I've been here before; this is becoming an important facet of my life, the search for consistently repeatable moments of joy. This involves a series of steps that can lead to the most sublime of feelings - feelings that make you understand the purpose of being alive and conscious. Moments of intense joy that burn into your memory and resurface, unbidden, to brighten your life and bring meaning to existence.
Can moments of joy be predictable? Can you plan for them?
People tend to over-plan happy events, be it their wedding or a short holiday, doing what they can to remove the random, making said events formulaic ("we must now do the group photo"/"we can't not visit the Eiffel Tower or the Arc de Triomphe").
As with so much in life, there must be a balance between planning and spontaneity. "Failing to plan is planning to fail," but then "Failing to adapt to random happenings is potentially losing out on moments of joy".
As regular readers will have noticed, I have come to find repeatable moments of joy sparked by walks around sunset. Assuming a clear or clear-ish sky; there's far less joy under a cloudy sky from which rain or drizzle issues. And so it was yesterday and today - some local motorbike rides under clear, early-autumn skies, flashbacks to familiar 1950s USA around Staniszewice and returning through Jakubowizna. As afternoon passed towards early evening, I checked the time of sunset for Chynów, and set off on foot for my vantage point. Today I took with me a chilled bottle of Perun brewery's Topór Peruna (8.1% Polish IPA) for the walk. Important to get the right amount of feldalkohol - four units or thereabouts is optimal.
And today hit the spot. In particular, my dusk walks around Jakubowizna and Chynów bring back my summer holiday in 1975, in Stella-Plage, on the northern French coast. To quote George Michael, "all that's missing is the sea," as Moni observed on her most recent visit. The sandy soil, the warmth of the day evaporating into the night. The scent of the air, the quality of the light. I'd long associated that particular holiday with Peak Teenage Stupidity, but actually, I'd taken away vastly more - qualia memories from 45 years ago and a thousand miles away, are triggered again. Away from the coast, my walks at dawn and dusk through rural France, the chemins vicinaux between Stella-Plage, Trepied and Cucq, come back loud and clear. The joy was there, old joy rediscovered - joy I hadn't properly appreciated at the time.
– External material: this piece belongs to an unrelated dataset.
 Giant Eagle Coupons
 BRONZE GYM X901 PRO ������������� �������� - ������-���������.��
Below: the DK50 at dusk. This is Warsaw's southern bypass, the east-west transit route. Just a single lane in each direction. Chynów and Jakubowizna to the left, Wola Pieczyska and Sułkowice to the right.The day is completed with views such as this.
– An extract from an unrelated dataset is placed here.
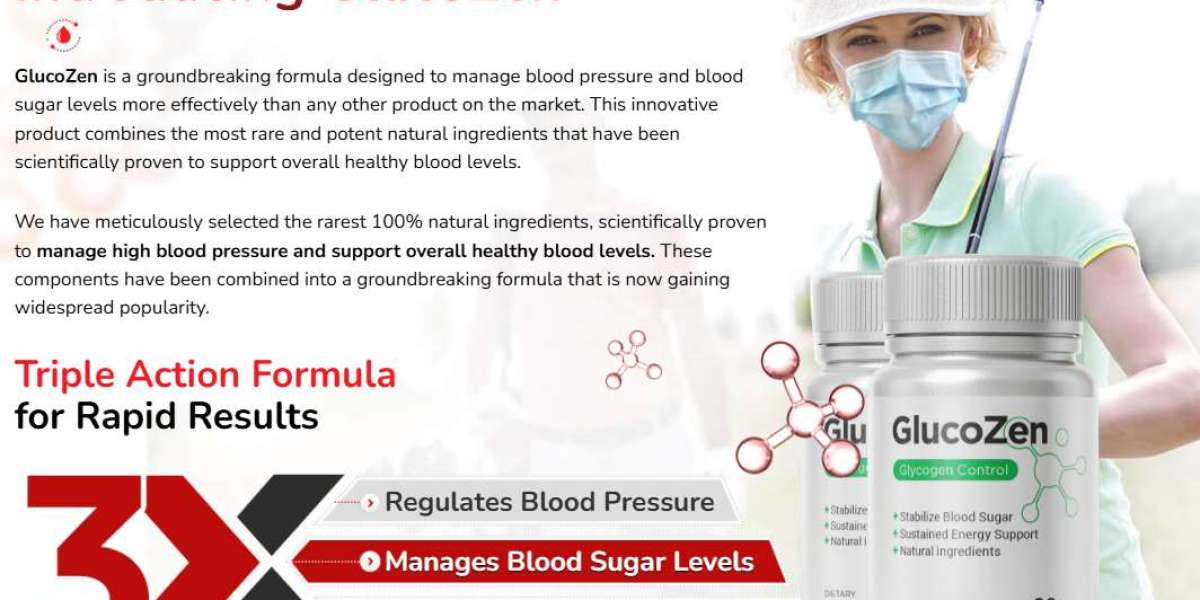 https://www.facebook.com/Get.GlucoZen.Blood.Sugar.UK/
The problem that many materialists have is believing that money buys happiness. It does not. But it does buy options. Options that poor people don't have; the more money on your account, the more choice you have - but then what you make of it remains a matter for conscious decision. Seek yet more things? Or focus on capturing those moments of joy?
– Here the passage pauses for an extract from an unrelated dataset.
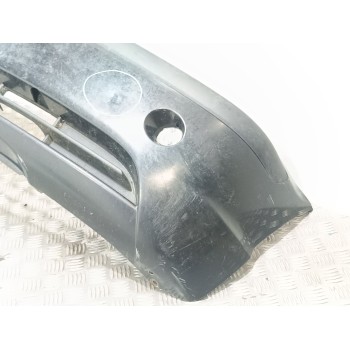 Recambio de paragolpes delantero para bmw serie 3 berlina (e46) 320d referencia OEM IAM 51117030586  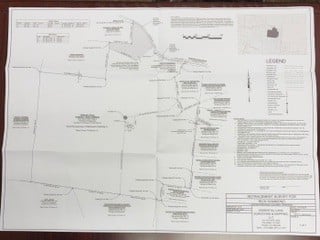 0 Center Star Rd, Columbia, TN 38401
UPDATE: Sunday 20 September - a morning (not too early!) walk, and I catch this klimat: Foreclosed, 1935.
This time last year:
Spectacularly glorious day, Ealing
This time four years ago:
Evolution, the future and us
This time six years ago:
Relief as Scots vote to remain in UK
This time seven years ago:
The S2 opens all the way to Puławska
This time eight years ago:
Thundering ghost from out of the mist
This time nine years ago:
Push-pull for Mazowsze
This time ten years ago:
Okęcie runway repairs are complete
This time 12 years ago:
I know that painting from somewhere...
This time 13 years ago:
The March of Progress, ul. Postępu
2 comments:
Repeatable moments of joy:
On the doctor’s orders, my parents took me to the Polish seaside in 1972, one of only two holidays with my parents in all my life. One memory crowds out others. In the guesthouse we stayed in, they filled a bath tub hip high with warm water, careful not to use too much hot water or the owner of the house would be cross. The warm water rising in the bath tub was such an intense moment of joy that I have made a point of never going without a hot bath in the evening in my adult life and savouring the moment of the bath filling up. That’s because for the first ten years of my life I lived on a farm without running water, let alone hot water.
Unlike you, I savour mornings. The scene: early 70s, farm yard (see above), cow shed wall warming up as the sun rises, lethargic flies on the wall, chickens foraging in the yard, swallows diving in and out of the cow shed through the open door, muck heap just yards across from the entrance to the cow shed, me pressed against the wall and curled up against the chill outside this small comfort zone, catching the morning sun warmth.
There other such moments but these two, or one as they have a lot in common, I have distilled to the point that I know what to look for to whip myself into that special mood.
@Jacek Koba
Such memories are what truly make up the individual; being able to recognise them and distill them is a crucial part of what it is to be human.
Mornings? I have nothing against them other than they come to early. I am an owl and stay up too late to enjoy sunrise and the magic of dawn.
Perhaps the Spanish have the right idea - shift the clock right over (sunrise in Seville right now is at 08:10, and have a siesta!